Intro To Reverse Engineering
Introduction to Reverse Engineering, the objectives, scope and relevant concepts. Also, some brief discussion about the type of tools with examples.
An important part of the RE is related to file formats. We will explore some subtleties of this in another class, but now we will focus on basic identification of files and their contents. This is mandatory for any RE tasks and usually the first step: take a look at the binary and determine what it is. If some parts are missing, they may need to be reconstructed.
Most file formats begin with a “header,” a few bytes that describe the file type and version. Because there are several incompatible file formats with the same extension (for example, “.doc” and “.cod”), the header gives a program enough additional information to see if this file is one of the formats that program can handle. Many programmers package their data in some sort of “container format” before writing it out to disk. If they use the standard zlib to hold their data in compressed form, the file will begin with the 2 bytes 0x1f 0x8b (in decimal, 31 139 ).

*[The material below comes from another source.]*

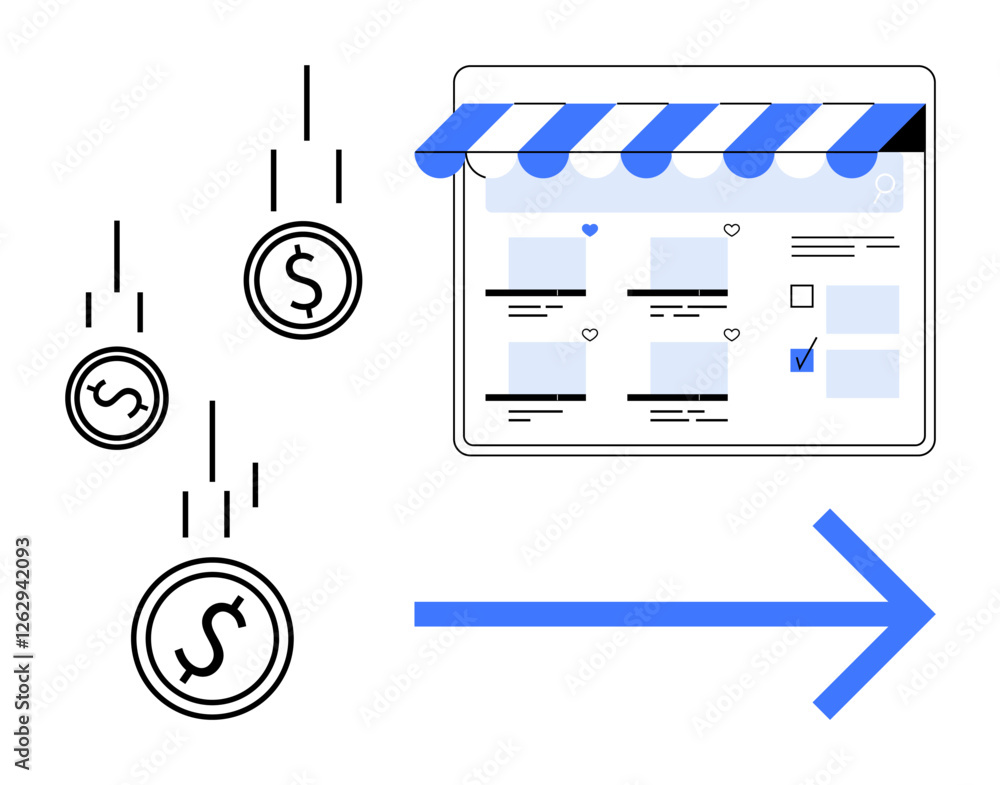 Poster falling money icons directed towards an online storefront with products and a check mark selection,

Some files are made up largely of blank space, for example, .ds_store files generated by OS X. Blank space will appear as a series of 0’s in a hex editor. The creators of a file format may add blank space for a variety of reasons, for example, the author of this study on .ds_store files speculated that they exist to speed up writing data, as other data would not need to be pushed around to make room. They could also serve to prevent fragmentation.
For most purposes, blank space can be ignored.
File format reverse engineering is the domain of hex editors. Typically they are used more often to display file contents as opposed to editing them. Hex editors allow you to superimpose a data structure on top of the data (sometimes called custom views or similar), which are very helpful. Once a particular structure has been discovered in a file, these mechanisms can be used to document the structure, as well as to provide a more meaningful display of the information than just hex code.
Also useful are Unix/Linux tools like strings(1) and file(1).
Another approach is to use visual identification in order to understand the pattern presented by the bytes. The idea is not new and you can find an academic reference in “Visual Reverse Engineering of Binary and Data Files” by Gregory Conti et al. Tools such as HexWorkshop, binvis and veles may help you. Especially if you have another file of the same type.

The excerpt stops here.